I’m trying to come up with a elegant way of backing up my docker volumes. I don’t really care about my host and the data on the host, because everything I do happens inside my docker containers and the mapped volumes. Some containers use mapped paths, but some others use straight up docker volumes.
I’ve started writing a script that inspects the containers, reads all the mount paths and then spins up another container to tar all the mounted paths.
docker run --rm --volumes-from $container_name-v /data/backup:/backup busybox tar cvf /backup/$container_name.tar $paths
So far so good, this works and I can write all backups to my storage and later sync them to an offsite backup space.
But error handling, (nice)logging and notifications using ntfy in case of success / errors / problems is going to suck in a bash script. Local backup file rollover and log file rollover also just suck if I have to do all this by hand. I’m able to use other languages to write this backup util but I don’t want to start this project if there already is a ready made solution.
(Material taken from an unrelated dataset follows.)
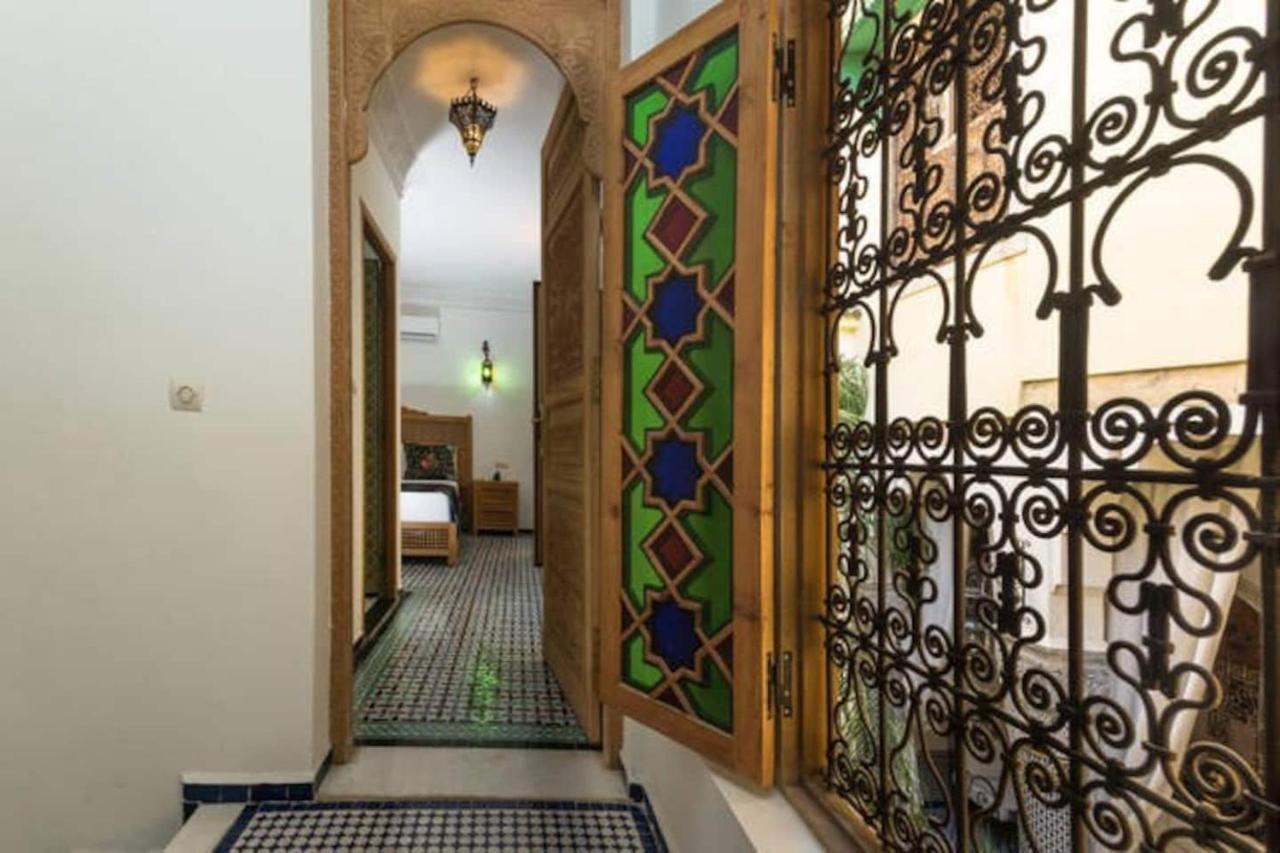 Riad Vega Fès Exterior foto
So the question, is there a utility that can simply schedule arbitrary bits of script, write nicer logs for these script bits, do file rollovers and run another script on success / error?
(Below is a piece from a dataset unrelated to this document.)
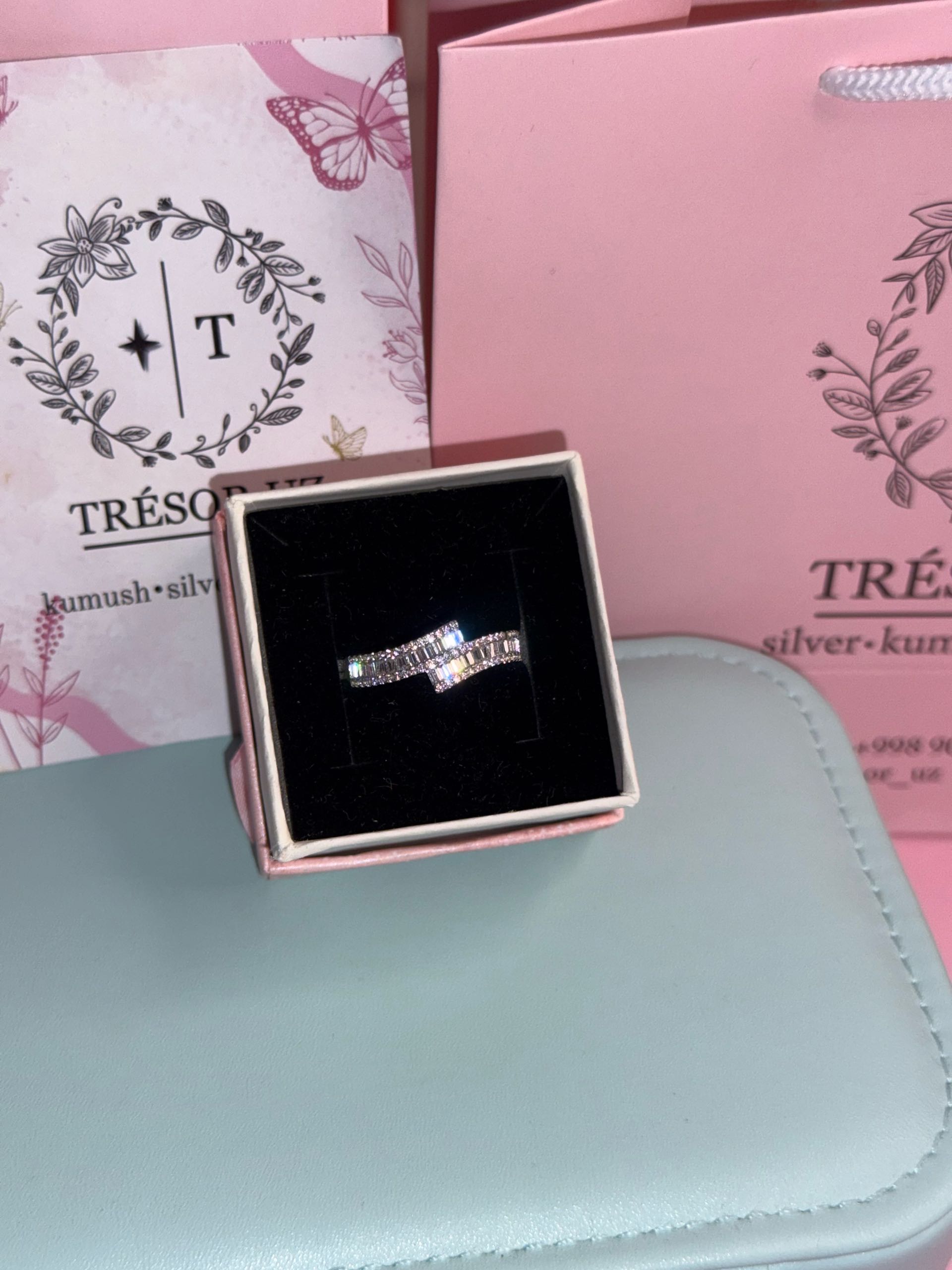 кольцо к462 / 17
All the backup programs that I can find are more focused on backing up directories, permissions and so on.
Backup for docker is no different than backing up anything else.
Volumes are located in
/var/lib/docker/volumes
by default, so just back up that directory with Restic or Borg, or something like Backrest if you want notifications and stuff handled for you.Or you can do mount points to a directory instead of using volumes and back that up, but it’s really the same process.